After 9/11, there was a lot of anti-Muslim feeling, says Gora. That subsided, but now she hears from a lot of women that Isis-related comments are directed at them in the streets. “I get asked if I know any jihadi brides,” she says, with an almost desperate laugh. “No! Of course I don't!”

Two decades ago, says Gora, the main issues facing Muslim women in the UK were around health, education and integration. These areas are been slowly addressed. So how does she see the situation of Muslim women in 20 years' time?

“I dread what things are going to be like then,” she says. “When you have a Government that's using strong language in relation to Muslim women and talking in terms of deportation, anti-Muslim sentiment is likely to worsen.” She pauses. “Were you expecting something more hopeful?” she asks. “What I hope is for Isis to be totally eradicated. Then we can see if things improve.”

But while Bana Gora, who formerly worked for the Joseph Rowntree Foundation on a 10-year project to influence social-policy issues in the Bradford area, takes the long view, she's also focused on the more immediate – and more positive – issue of the women-led mosque.

In May, the Muslim Women's Council will unveil its funding strategy for the mosque project. It has been in talks with architects and obtained some private finance; and a crowd-funding scheme is likely to be on the table to fill the pot. Gora has not yet revealed the projected cost, and about the location she will only say: “We're considering several sites, and yet to decide whether this will be a new build or an adaptation of an existing building.”

The Muslim Women's Council will be keeping a close eye on the Copenhagen mosque. Its founder, Sherin Khankan, a renowned author and commentator in Denmark, born to a Syrian father and Finnish mother, told the news agency Agence France-Presse last month that the Mariam mosque was an attempt to challenge the “patriarchal structures” of Islam and to encourage debate and dialogue.

Khankan said: “We have normalised patriarchal structures in our religious institutions. Not just in Islam, but also within Judaism and Christianity and other religions. And we would like to challenge that.”

The reaction, said Khankan, had been mostly positive, but there had been what she called “moderate” negativity. And some of that came from Waseem Hussein, a Copenhagen imam who told the Politiken newspaper, “Should we also make a mosque only for men? Then there would certainly be an outcry among the Danish population.”

Khankan responded that the project was not about exclusion, but making women feel more welcome in mosques. And on the subject of female imams, she said there was clearly “an Islamic tradition allowing women to be imams” and that criticism was founded on ignorance.

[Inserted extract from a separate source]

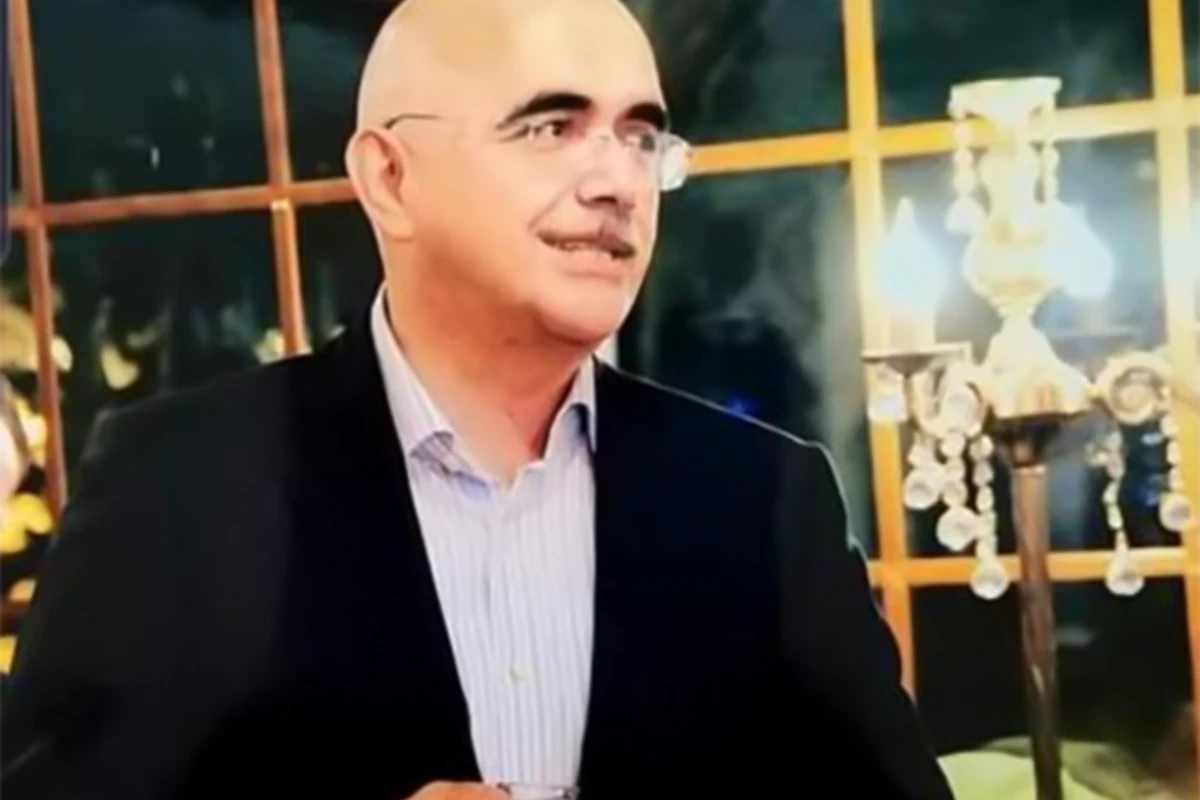 Məmurun üstünə tapança çıxarıbmış - Karantin geyimi, maska ilə...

Over the coming weeks, the drive to site Britain's first female-led mosque in Bradford will begin in earnest, with the hope that it also forces the established system to look again at how women are treated in these all-important places of worship.

For women such as Nabeelah Hafeez, the day when Bradford's women-led mosque joins its counterpart in Copenhagen cannot come soon enough. “It is clear that there is a need to reform our mosques, focusing on better governance with equal representation for men and women at leadership level. There should be proper facilities for women and a focus on the involvement of women in all aspects of the mosque, including the inclusivity of women within the main prayer hall,” she says.

What might be most surprising is that Britain and Europe lag behind other countries: China has had women-only mosques for a long time, and it's more than a year since the opening of the Women's Mosque of America in California. Its founder, M Hasna Maznavi, told MuslimGirl.net that it was not only about providing a safe space for women, but also about empowerment. She said: “We want women to come here, gain inspiration, and go back to their mosques with that inspiration. We want these women to join the boards at their mosques, and bring all the things that they learned from us – strength and empowerment – to their mosques and make them better.”

The opening of Britain's first women-led mosque might just herald a sea-change in the way mosques and Islam are perceived, with Bradford's Muslim women no longer being seen as “the enemy within”, but rather as agents for change and reform.